雨が見ていた~Painful love~



『俺じゃダメだ。
俺じゃオマエを救ってやれない』



そう言うクセに
彼は私の体を離そうとしてくれない。



言葉とは裏腹なキョウちゃんの行動が
いとおしくて、やるせなくて


どんな気持ちでこんなことをしてるんだろうか、と想像すると切なさが込み上げて涙が溢れる。





――キョウちゃん……




私は震える手を必死に伸ばして
彼の背中にそっと触れる。



その瞬間
驚いたようにビクンと揺れる、彼のカラダ。



恐怖で小刻みに震える指を必死に押さえて、彼の背中にゆっくりと手を伸ばすと




「…っ!!」



彼はもっと強い力で私の体を抱きしめる。
もう壊れそうなぐらい、これ以上抱きしめられたら、体中が潰れちゃう!っていうくらい、強く強く抱きしめる。




なんでこんなところで弱腰になるの??
いつもの強引さで引っ張って行ってくれればいいのに。



バカな私なんて気にせずに
フラッシュバックで苦しむ私なんて気にしないで、自分の欲望を押し付けてくれればいいのに。


いつもみたいに全部全部私のせいにして
無理やり私を奪ってくれればいいのに。




大きくて小さな彼を抱きしめながら
そんなことを思っていると
目の前にいる弱虫オトコは、こんな言葉を口にする。





「好きだから。
オマエのことが好きだから、サヨナラだ。
美織、オマエは拓真を選べ……。
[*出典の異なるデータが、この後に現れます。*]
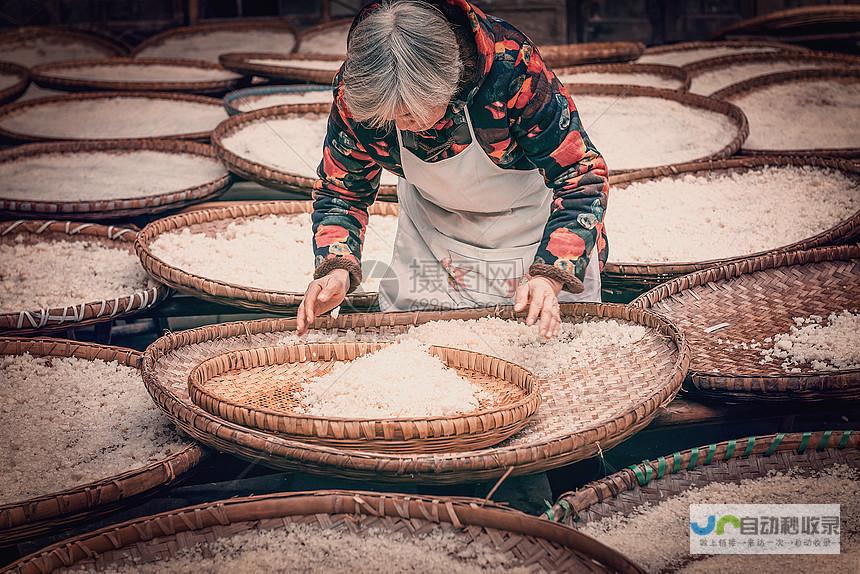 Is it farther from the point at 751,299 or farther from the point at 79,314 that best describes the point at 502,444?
the point at 79,314

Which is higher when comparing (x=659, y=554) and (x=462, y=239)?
(x=462, y=239)

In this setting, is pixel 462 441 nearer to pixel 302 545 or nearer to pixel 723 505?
pixel 302 545

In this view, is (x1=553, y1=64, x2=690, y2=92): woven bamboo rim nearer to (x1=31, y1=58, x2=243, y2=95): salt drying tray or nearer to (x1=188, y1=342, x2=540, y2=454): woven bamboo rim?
(x1=31, y1=58, x2=243, y2=95): salt drying tray

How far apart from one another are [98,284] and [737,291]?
1755 mm

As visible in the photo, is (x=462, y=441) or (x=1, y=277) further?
(x=1, y=277)

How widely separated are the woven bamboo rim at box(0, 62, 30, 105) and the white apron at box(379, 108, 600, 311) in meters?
2.49

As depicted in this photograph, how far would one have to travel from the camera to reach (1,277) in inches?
96.8

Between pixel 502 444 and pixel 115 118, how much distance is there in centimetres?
310

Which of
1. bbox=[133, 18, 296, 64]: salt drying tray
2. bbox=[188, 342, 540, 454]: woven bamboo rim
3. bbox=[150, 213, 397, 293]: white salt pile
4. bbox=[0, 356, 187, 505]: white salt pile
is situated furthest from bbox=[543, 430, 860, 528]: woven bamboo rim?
bbox=[133, 18, 296, 64]: salt drying tray

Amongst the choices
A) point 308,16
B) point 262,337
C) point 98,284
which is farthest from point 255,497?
point 308,16

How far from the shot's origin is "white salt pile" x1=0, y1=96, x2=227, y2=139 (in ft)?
12.2

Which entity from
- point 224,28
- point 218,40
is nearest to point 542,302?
point 218,40

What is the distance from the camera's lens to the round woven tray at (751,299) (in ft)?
6.44

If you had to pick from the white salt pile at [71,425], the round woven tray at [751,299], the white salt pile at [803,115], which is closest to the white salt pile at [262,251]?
the white salt pile at [71,425] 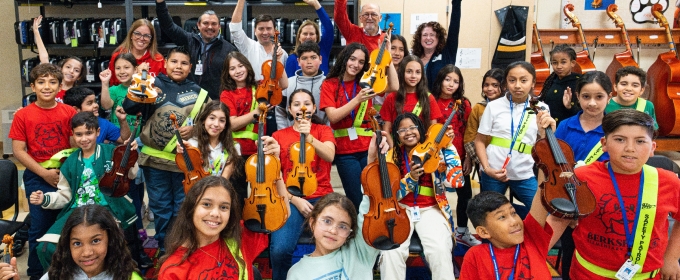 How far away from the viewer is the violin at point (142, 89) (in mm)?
3100

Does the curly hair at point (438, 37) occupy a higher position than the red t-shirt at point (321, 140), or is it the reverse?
the curly hair at point (438, 37)

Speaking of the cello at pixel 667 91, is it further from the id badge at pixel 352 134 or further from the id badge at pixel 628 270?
the id badge at pixel 628 270

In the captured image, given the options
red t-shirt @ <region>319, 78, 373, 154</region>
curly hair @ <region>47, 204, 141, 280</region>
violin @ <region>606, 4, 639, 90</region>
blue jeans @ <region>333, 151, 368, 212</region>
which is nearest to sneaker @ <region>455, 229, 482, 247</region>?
blue jeans @ <region>333, 151, 368, 212</region>

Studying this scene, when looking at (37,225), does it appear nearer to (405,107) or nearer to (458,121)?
(405,107)

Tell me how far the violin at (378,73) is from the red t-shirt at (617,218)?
57.3 inches

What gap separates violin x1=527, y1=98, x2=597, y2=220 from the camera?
1998 mm

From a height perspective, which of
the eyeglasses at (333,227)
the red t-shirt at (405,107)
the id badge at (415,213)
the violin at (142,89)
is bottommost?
the id badge at (415,213)

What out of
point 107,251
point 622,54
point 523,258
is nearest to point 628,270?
point 523,258

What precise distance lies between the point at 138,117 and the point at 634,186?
2441 millimetres

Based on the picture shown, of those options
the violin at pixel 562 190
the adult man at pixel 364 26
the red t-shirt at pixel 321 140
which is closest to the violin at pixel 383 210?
the violin at pixel 562 190

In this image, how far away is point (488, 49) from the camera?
5859 millimetres

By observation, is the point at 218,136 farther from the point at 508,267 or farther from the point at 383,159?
the point at 508,267

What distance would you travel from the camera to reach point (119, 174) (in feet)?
9.68

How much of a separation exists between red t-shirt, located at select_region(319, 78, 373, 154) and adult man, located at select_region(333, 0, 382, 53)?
21.9 inches
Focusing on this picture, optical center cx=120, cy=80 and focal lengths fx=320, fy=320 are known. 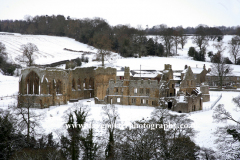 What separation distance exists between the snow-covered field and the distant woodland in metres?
3.81

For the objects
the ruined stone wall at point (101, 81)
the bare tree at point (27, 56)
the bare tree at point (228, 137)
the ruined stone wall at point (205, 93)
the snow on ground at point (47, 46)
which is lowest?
the bare tree at point (228, 137)

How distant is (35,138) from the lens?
34625mm

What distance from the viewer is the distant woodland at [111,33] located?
9312 centimetres

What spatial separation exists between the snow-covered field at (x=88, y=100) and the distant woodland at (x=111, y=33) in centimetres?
381

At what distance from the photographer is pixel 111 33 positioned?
109 metres

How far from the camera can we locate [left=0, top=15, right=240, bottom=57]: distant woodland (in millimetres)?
93125

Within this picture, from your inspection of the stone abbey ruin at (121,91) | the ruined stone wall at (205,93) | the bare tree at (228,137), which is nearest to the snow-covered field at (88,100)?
the ruined stone wall at (205,93)

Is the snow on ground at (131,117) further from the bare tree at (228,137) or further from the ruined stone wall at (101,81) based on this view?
the ruined stone wall at (101,81)

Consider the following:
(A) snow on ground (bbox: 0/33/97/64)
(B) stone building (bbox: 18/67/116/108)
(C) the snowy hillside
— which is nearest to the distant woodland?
(C) the snowy hillside

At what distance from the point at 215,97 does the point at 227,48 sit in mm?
56159

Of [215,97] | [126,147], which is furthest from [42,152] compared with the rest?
[215,97]

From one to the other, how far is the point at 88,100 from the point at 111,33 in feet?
194

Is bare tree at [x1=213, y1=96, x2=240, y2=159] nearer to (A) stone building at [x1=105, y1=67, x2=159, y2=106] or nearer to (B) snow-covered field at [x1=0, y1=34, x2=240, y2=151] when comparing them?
(B) snow-covered field at [x1=0, y1=34, x2=240, y2=151]

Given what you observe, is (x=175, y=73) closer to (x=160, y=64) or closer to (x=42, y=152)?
(x=160, y=64) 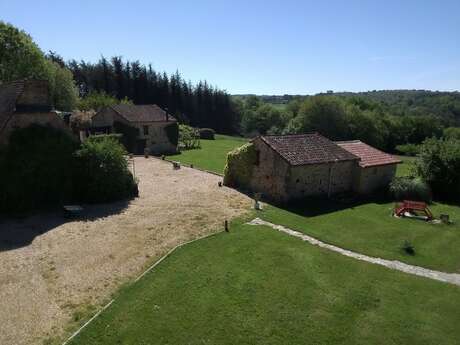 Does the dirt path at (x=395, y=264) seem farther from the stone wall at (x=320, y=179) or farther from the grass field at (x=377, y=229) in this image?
the stone wall at (x=320, y=179)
」





バカだ、キョウちゃんは大バカだ。
不器用で弱虫で、変なところで気遣いをしちゃって。


そんなだから、私、わからなかったんだよ。



キョウちゃんの気持ちも
自分の気持ちも
煙に巻かれて見えなくなって


全部全部がわからなくて
やっと気づいたと思ったら
こんなに時間がかかってしまった。




目の前にいるこの人は
誰よりも強くて、誰よりも自信家なのに、誰よりも不器用な人。




誰よりも愛しくて
誰よりも憎い、私の大切な幼なじみ。